(Records excerpted from a collection)
--- START ---
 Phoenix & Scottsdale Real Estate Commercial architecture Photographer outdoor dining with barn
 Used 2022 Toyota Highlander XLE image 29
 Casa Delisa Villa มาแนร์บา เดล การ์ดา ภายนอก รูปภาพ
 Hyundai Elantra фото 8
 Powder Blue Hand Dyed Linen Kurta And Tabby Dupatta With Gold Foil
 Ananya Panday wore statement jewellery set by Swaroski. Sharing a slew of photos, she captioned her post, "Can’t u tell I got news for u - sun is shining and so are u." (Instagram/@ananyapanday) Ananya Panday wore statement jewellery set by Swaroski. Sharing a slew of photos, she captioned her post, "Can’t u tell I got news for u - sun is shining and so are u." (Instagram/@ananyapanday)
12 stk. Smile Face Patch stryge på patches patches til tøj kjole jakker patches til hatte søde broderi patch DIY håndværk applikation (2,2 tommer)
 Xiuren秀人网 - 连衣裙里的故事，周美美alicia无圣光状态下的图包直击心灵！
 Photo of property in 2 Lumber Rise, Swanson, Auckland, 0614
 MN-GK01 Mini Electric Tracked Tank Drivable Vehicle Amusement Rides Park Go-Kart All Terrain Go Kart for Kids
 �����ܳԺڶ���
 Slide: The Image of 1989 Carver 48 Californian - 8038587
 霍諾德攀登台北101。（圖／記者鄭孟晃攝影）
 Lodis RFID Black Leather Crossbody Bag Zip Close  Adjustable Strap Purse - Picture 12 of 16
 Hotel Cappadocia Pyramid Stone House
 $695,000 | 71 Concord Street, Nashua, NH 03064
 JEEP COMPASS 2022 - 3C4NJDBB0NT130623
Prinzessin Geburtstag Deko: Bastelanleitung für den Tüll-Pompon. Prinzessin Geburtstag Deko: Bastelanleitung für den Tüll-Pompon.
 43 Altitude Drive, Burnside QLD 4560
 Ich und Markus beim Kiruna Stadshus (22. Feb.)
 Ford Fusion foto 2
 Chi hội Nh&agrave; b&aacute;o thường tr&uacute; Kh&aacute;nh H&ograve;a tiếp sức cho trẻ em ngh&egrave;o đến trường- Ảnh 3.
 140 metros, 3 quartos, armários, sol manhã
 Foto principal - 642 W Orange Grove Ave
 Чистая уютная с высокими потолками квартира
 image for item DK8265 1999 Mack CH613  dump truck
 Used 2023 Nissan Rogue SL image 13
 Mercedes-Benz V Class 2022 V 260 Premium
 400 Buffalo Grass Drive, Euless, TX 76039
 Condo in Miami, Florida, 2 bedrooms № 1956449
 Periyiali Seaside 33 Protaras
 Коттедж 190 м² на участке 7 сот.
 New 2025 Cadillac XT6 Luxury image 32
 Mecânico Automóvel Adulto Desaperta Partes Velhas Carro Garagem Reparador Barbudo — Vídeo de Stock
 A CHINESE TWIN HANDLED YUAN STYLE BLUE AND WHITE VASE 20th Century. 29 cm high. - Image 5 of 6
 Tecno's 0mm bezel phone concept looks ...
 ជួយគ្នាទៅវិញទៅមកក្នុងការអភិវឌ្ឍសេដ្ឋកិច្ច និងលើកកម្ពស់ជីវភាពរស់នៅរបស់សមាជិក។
--- END ---
**ABOUT THIS TASK:** All lines in the data above from the one with "Hyundai Elantra фото 8" through the one with "43 Altitude Drive, Burnside QLD 4560" must be repeated exactly, and no others.

**SOLUTION BELOW:**
 Hyundai Elantra фото 8
 Powder Blue Hand Dyed Linen Kurta And Tabby Dupatta With Gold Foil
 Ananya Panday wore statement jewellery set by Swaroski. Sharing a slew of photos, she captioned her post, "Can’t u tell I got news for u - sun is shining and so are u." (Instagram/@ananyapanday) Ananya Panday wore statement jewellery set by Swaroski. Sharing a slew of photos, she captioned her post, "Can’t u tell I got news for u - sun is shining and so are u." (Instagram/@ananyapanday)
12 stk. Smile Face Patch stryge på patches patches til tøj kjole jakker patches til hatte søde broderi patch DIY håndværk applikation (2,2 tommer)
 Xiuren秀人网 - 连衣裙里的故事，周美美alicia无圣光状态下的图包直击心灵！
 Photo of property in 2 Lumber Rise, Swanson, Auckland, 0614
 MN-GK01 Mini Electric Tracked Tank Drivable Vehicle Amusement Rides Park Go-Kart All Terrain Go Kart for Kids
 �����ܳԺڶ���
 Slide: The Image of 1989 Carver 48 Californian - 8038587
 霍諾德攀登台北101。（圖／記者鄭孟晃攝影）
 Lodis RFID Black Leather Crossbody Bag Zip Close  Adjustable Strap Purse - Picture 12 of 16
 Hotel Cappadocia Pyramid Stone House
 $695,000 | 71 Concord Street, Nashua, NH 03064
 JEEP COMPASS 2022 - 3C4NJDBB0NT130623
Prinzessin Geburtstag Deko: Bastelanleitung für den Tüll-Pompon. Prinzessin Geburtstag Deko: Bastelanleitung für den Tüll-Pompon.
 43 Altitude Drive, Burnside QLD 4560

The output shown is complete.